Ainda em 2017, poucos meses antes da reforma trabalhista, foi aprovada a Lei da Terceirização (Lei 13.429), que permite que todas as atividades de uma empresa sejam terceirizadas — não só as atividades acessórias (como alimentação e transporte dos funcionários, limpeza, segurança), mas também a atividade principal.
Na terceirização, os trabalhadores pertencem ao quadro das empresas contratadas, diminuindo o custo da empresa contratante e o compromisso dela com os funcionários e abrindo espaço para aumento de jornada, maior recorrência de acidentes de trabalho (pelo excesso de trabalho), diminuição de salário, enfraquecimento sindical e dificuldade de responsabilização judicial.
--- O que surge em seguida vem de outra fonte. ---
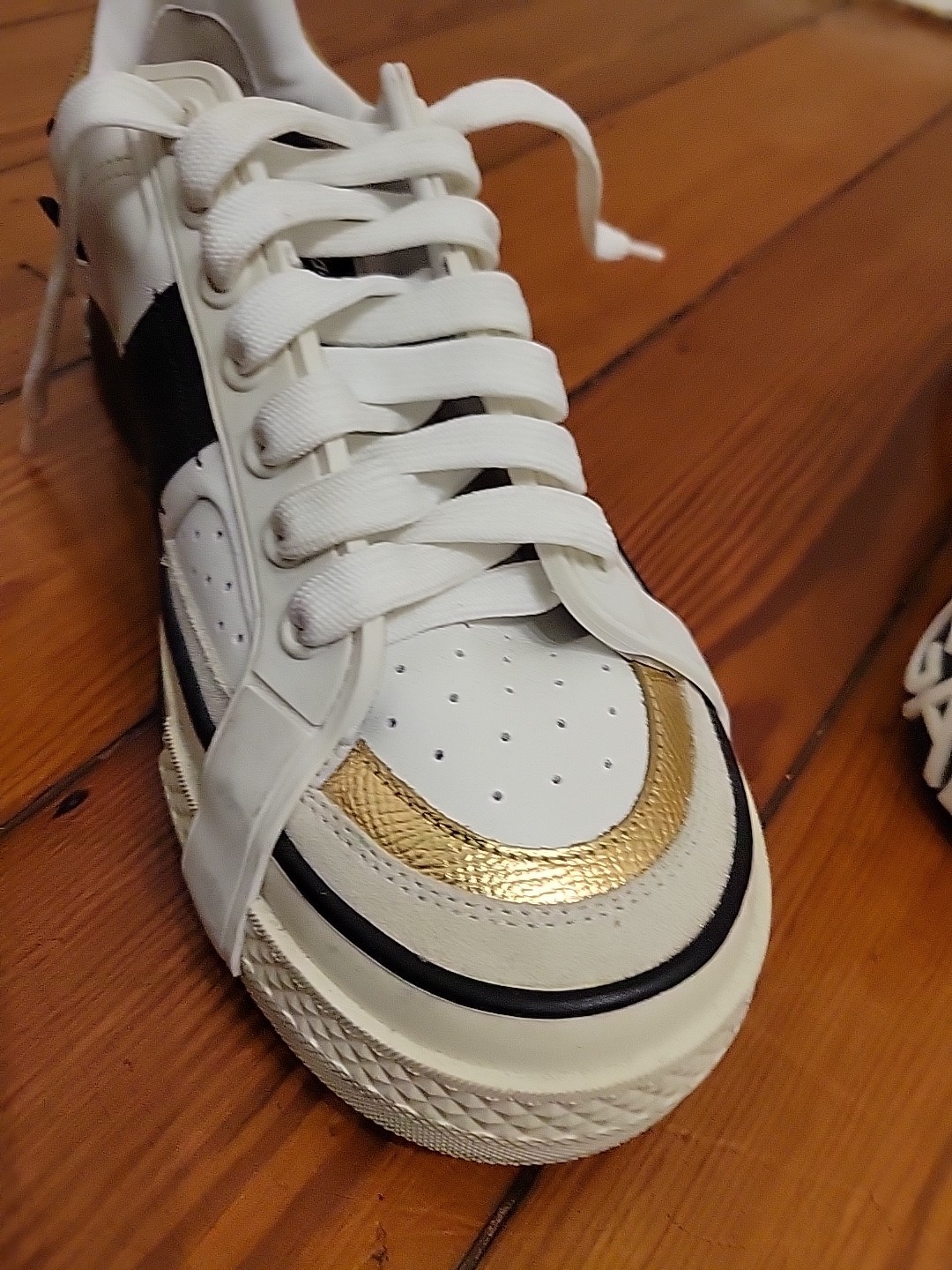 Dolce Gabbana Custom 2.zero Low Top White Gold Street Style Luxury Sneaker 38.5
Colussi, da Anamatra, entende que a legislação é essencial e que as relações trabalhistas não podem ser deixadas para a livre negociação entre empregadores e empregados:
“A relação contratual é desequilibrada. Os empregados são mais fracos. É só lembrar que na última eleição, em 2022, houve inúmeros casos de assédio eleitoral, com patrões constrangendo os funcionários a votar no seu candidato, na sua ideologia. A força do capital é maior inclusive para pressionar o poder público nas questões legislativas. Além disso, a regulação do trabalho é fundamental até mesmo por causa da cultura escravista que ainda não abandonamos. Se, tendo a CLT, encontramos com frequência casos de trabalho análogo à escravidão, imaginemos qual seria a situação se não tivéssemos a CLT.
Ataques em série à CLT
Ele afirma que os ataques à CLT não se limitaram à reforma trabalhista e à Lei da Terceirização. O juiz lembra que o governo Jair Bolsonaro também tentou suprimir direitos trabalhistas. Em 2019, incluiu-se na Medida Provisória da Liberdade Econômica (MP 881) a liberação do trabalho aos domingos sem pagamento em dobro, mas esse ponto foi vetado pelo Senado.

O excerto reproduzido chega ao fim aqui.